Recently, I had a similar experience – I was working with a programmer who was porting a system to a Java Enterprise Edition stack and adding a messaging service (JMS.) I had been advocating testability (visibility and control – thanks James) in the design meetings I had with the programmer. As a result, he decided to use a topic reader on JMS instead of a queue so that we can see what is going on more easily, and added support for the testers to be able to see what the Object-Relational Mapping tool (JPA) is automatically generating map and SQL-wise at run-time. (By default, all you see is the connection information and annotations in Java code, which doesn’t help much when there is a problem.)

He also created a special testing interface for us, and provided me with a simple URL that passes arguments to begin exercising it. For my first test, I used JMeter to send messages to it asynchronously, and the system crashed. This API was so far below the UI, it would be difficult to do much more than scratch the surface of the system if you only tested through the GUI. With this testable interface, I could use several testing tools as simulators to help drive my and other tester’s ET sessions. Without the preparation through design sessions, we’d be trying to test this through the UI, and wouldn’t have near the power or flexibility in our testing.

Some people complain that exploratory testing only seems to focus on the user interface. That isn’t the case. In some of my roles, early in my career, I was designated the “back end” tester because I had basic programming and design skills. The less technical testers who had more knowledge of the business tested through the UI. I had to get creative to ask for and use testable interfaces for ET. I found a place in the middle that facilitated integration tests , while simulating a production environment, which was much faster than trying to do all the testing through the UI.

I often end up working with programmers to get some combination of tools to simulate the kinds of conditions I’m thinking about for exploratory testing sessions, with the added benefit of hitting some sort of component in isolation. These testing APIs allow me to do integration tests in a production-like environment, which complements the unit testing the programmers are doing, and the GUI-level testing the black box testers are doing. In most cases, the programmers also adopt the tools and use them to stress their components in isolation, or as I often like to use them for, to quickly generate test data through a non-user interface while still exercising the path the data will follow in production.
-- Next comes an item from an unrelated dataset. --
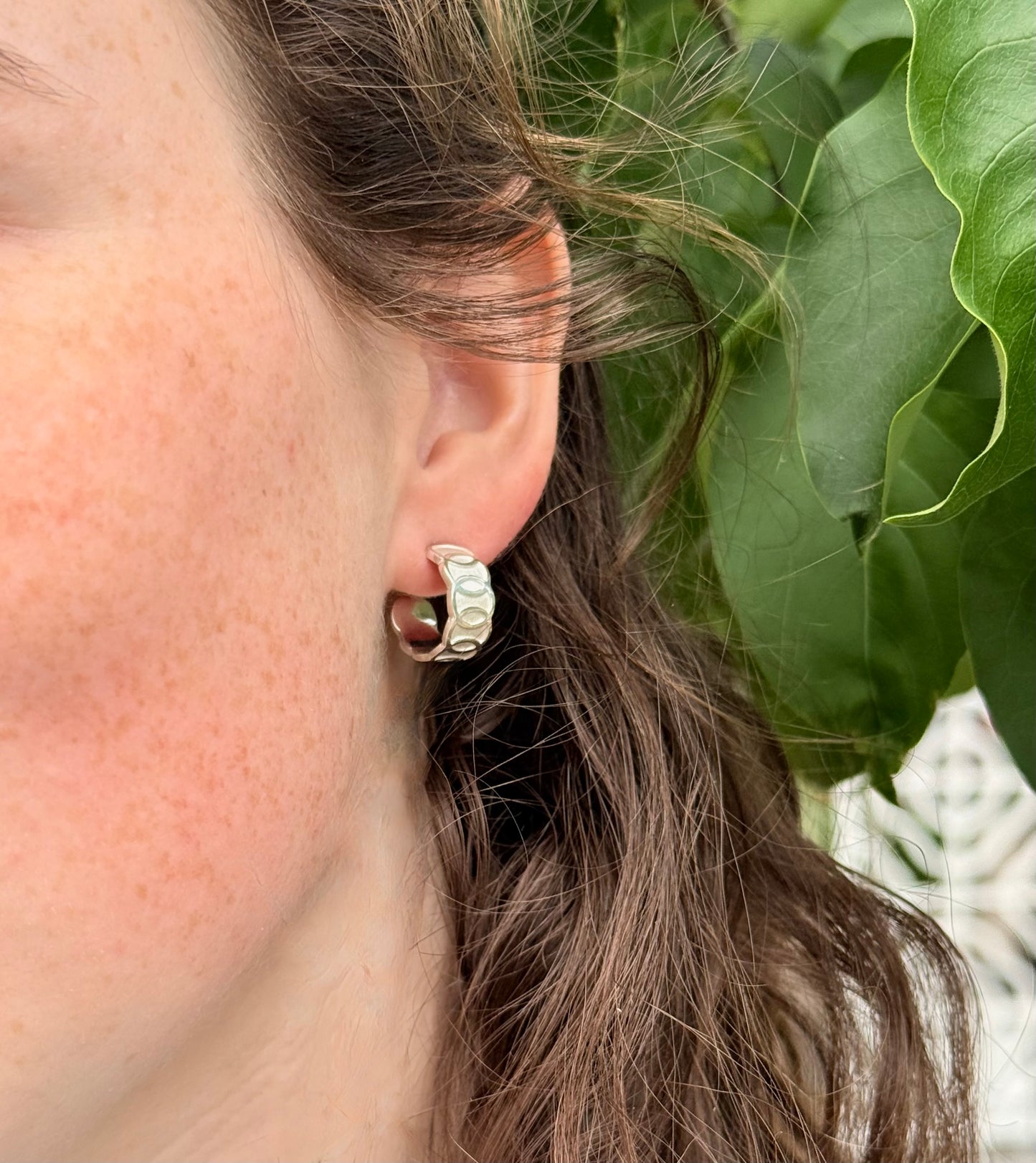 Close-up of an ear wearing a silver hoop earring with green leaves in the background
This is a great way to smoke test minor database changes, or database driver or other related tool upgrades. Testing something like this through the UI alone can take forever, and many of the problems that are obvious at the API level are seemingly intermittent through the UI.

Exploratory testing is not limited to quick, superficial bug hunts. The learning, analyzing, executing, test idea generation and execution are parallel activities, but sometimes we need to focus harder in the learning and analyzing areas. I frequently spend time with programmers helping them design testable interfaces to help with exploratory testing at a layer behind the GUI. This takes preparation work including analysis and design, and testing of the interface itself, which all help feed into my learning about the system and into the test ideas I may generate. I don’t do all of my test idea generation on the fly, in front of the keyboard.

In other cases, I have tested software that was developed for very specialized use. In one case, the software was developed by scientists to be used by scientists. It took months to learn how to do the most basic things the software supported. I found some bugs in that period of learning, but I was able to find much more important bugs after I had a basic grasp of the fundamentals of the domain the software operated in. Jared Quinert has also had this kind of experience: “I’ve had systems where it took 6 months of learning before I could do ‘real’ testing.”